The play-within-a-play is a common theatrical device, maybe most memorable in Shakespeare’s Hamlet, but just as evident in a show like Tina Fey’s 30 Rock.  Authors, screenwriters, and playwrights alike all seem to enjoy the interplay of an artificial reality within a larger artificial reality—and for good reasons too.  It allows the creator to explore the differences between the inner and outer selves, to illustrate the theatrics of everyday life, and of course, to comment on his/her own work (or creative masterpieces) as it plays out for the audience.

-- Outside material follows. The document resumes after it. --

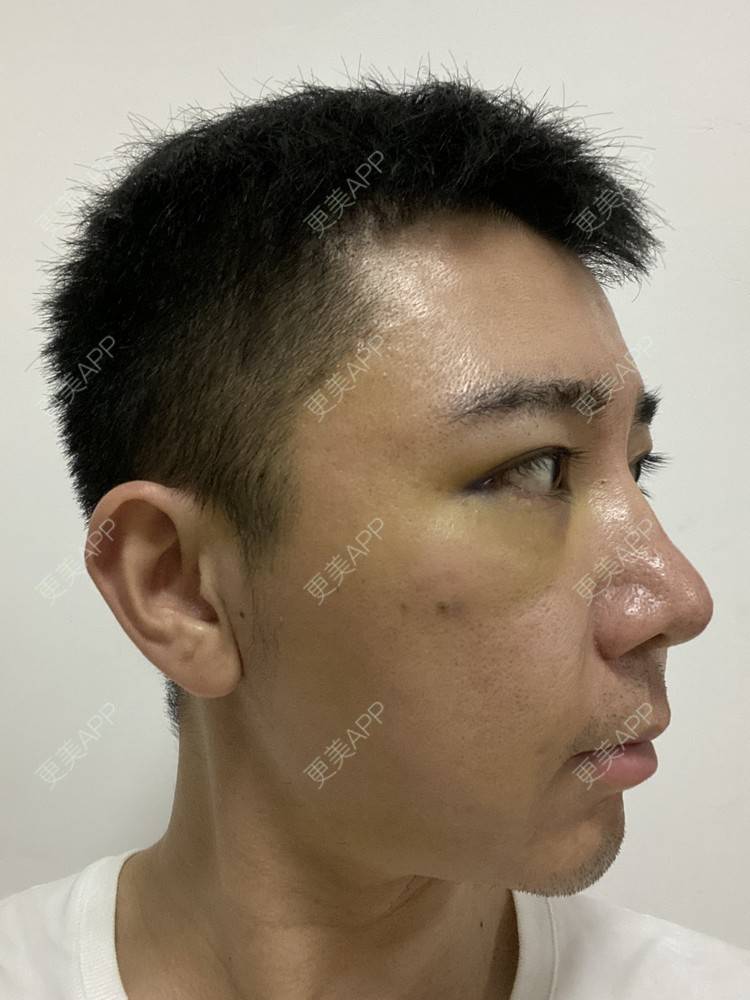 更美 - Es小喵的埋线提升经验 | V脸套餐 | 广州 | 埋线提升 | 埋线除皱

At a point during French playwright Jean Anouilh’s The Rehearsal—which runs until May 24 at A Noise Within in Glendale— we see this first hand as an actress…who plays an actress…who plays the Countess questions her husband, the Count (Robertson Dean), about whether or not his love interest in the play, Lucile, has become his love interest in real life. He responds with possibly the best line in the show: “Life is very nice, but it has no shape.  The object of art is actually to give it some and to do it by every artifice possible—truer than the truth.”  This one sentence summed up the entirety of the engaging two-and-a-half hour production; that oftentimes the ‘fake’ is more meaningful than the ‘real.’

The Rehearsal’s setting is a perfect example of this paradox; it takes place in 1950s France, but since the play-within-the-play is set closer to the 1750s, the characters seem much more themselves when disguised beneath the wigs and gowns of antiquated aristocracy.  In fact, the wigs only come off when we meet the impetus for the show’s conflict, Lucile, who never wears a wig herself.  She, unlike the rest of the Count’s hoity-toity social circle—his wife the stuffy Countess, the airhead Mistress, the Footman buffoon, or the drunken, manipulative Hero —is soft, naïve, and caring.  And it is due to these exact qualities that the Count falls deeply and openly in love with Lucile—much to the chagrin of the others.  The remaining scenes of The Rehearsal are not so much concerned with rehearsing as they are about winning over the romantic sentiments of the newly transformed Count—and by any means possible.

For the most part, A Noise Within’s recent rendition of this tragic farce, smoothly directed by Julia Rodriguez-Elliott, is right on the mark of what one wishes to see out of good, classical theatre—tight and assured performances, witty dialogue, transformative costumes and set-dressing, and maybe the most heart-warming in these times: a packed house on the second weekend.  If artifice does indeed give way to truth, then Rodriguez-Elliott succeeded in bringing true theatre to Los Angeles–even if it was just a rehearsal.